Fashion brand

Fast fashion brands are accelerating their growth

Earlier in September, AEON Vietnam launched fast fashion brand My Closet at AEON Binh Tan in Ho Chi Minh City, marking the first step into fast fashion in Vietnam.

According to data from the Vietnam Retailers Association, more than 200 foreign fashion brands are currently present here, accounting for more than 60% of the market share and ranging from affordable to high-end products.

After five years, the Swedish brand H&M has 12 stores in five major cities in Vietnam. Elsewhere, Zara – owned by the world’s biggest fashion group, Inditex – has had a presence in Vietnam since 2016, with two stores in Hanoi and Ho Chi Minh City.

Together, the two Zara stores generated more revenue than high-end fashion chains such as Tam Son Fashion – which distributes Hermes, Bottega Veneta and Boss – and MaiSon International Retail, which sells Mango, Topshop, Charles & Keith , and Other brands.

Following the success of Zara Vietnam, Mitra Adiperkasa Group – partner of Inditex in Indonesia and also distributor of Zara in Vietnam – brought other fashion brands to the country such as Massimo Dutti, Pull & Bear and Stradivarius.

Meanwhile, Japanese brand Uniqlo has seen an impressive rate of expansion. Since its debut in Ho Chi Minh City in 2019, Uniqlo has grown the total number of stores to 11, including the largest in Southeast Asia.

Tadashi Yanai, chairman of Uniqlo owner Fast Retail Group, said at the grand opening of the first Uniqlo store that he plans to open 100 stores over the next 10 years.

In addition to easily recognizable names, the fast fashion market has also witnessed the presence of new brands such as Cotton On and Muji, as well as international fashion brands that have acquired domestic brands. And in 2020, Global Fashion, owner of shoe and handbag brand Vascara, officially merged with Japan’s Stripe International.
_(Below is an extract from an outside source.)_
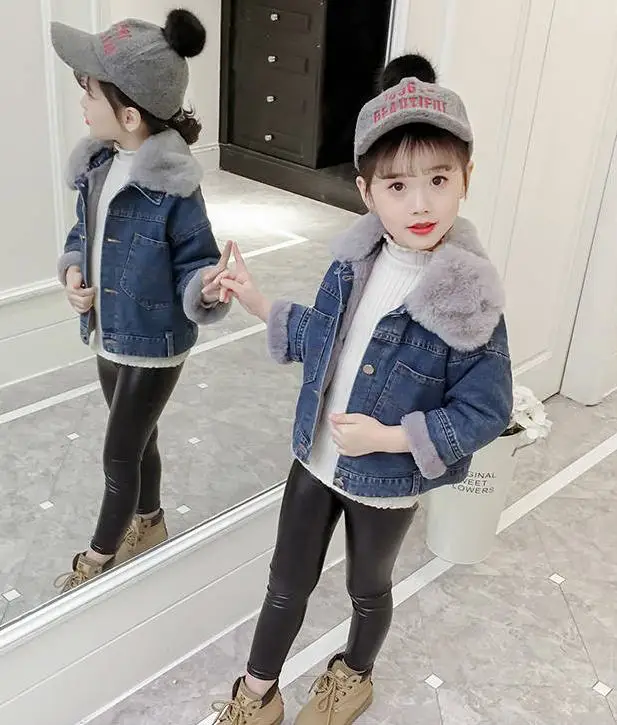 Autumn Winter Children Girls Plus Velvet Jeans Jackets Kids Girls Thick Warm Faux Rabbit Fur Denim Coats Baby Clothing W140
However, the market also witnessed the withdrawal of new names, such as AVA Fashion from Mobile World Group (MWG) after only six months of launch. Similar to AEON, the company also outsourced products to a number of domestic companies. While AVA Fashion’s website is now closed, MWG has also launched sportswear, mother and child products and jewelry boutiques.

MWG CEO Doan Van Hieu Em admitted, “AVA Fashion originally planned to follow the path of Zara and H&M. However, things did not go smoothly as Vietnamese consumers were not enthusiastic about the new brand.

According to Statista, the clothing market in Vietnam is expected to reach $7.33 billion by 2025 and there is still plenty of room for exploitation. Data from Vietnam’s National Textile and Garment Group shows that every year, Vietnamese spend about $4.3 billion on clothes, and this rate is expected to steadily increase by about 10% per year.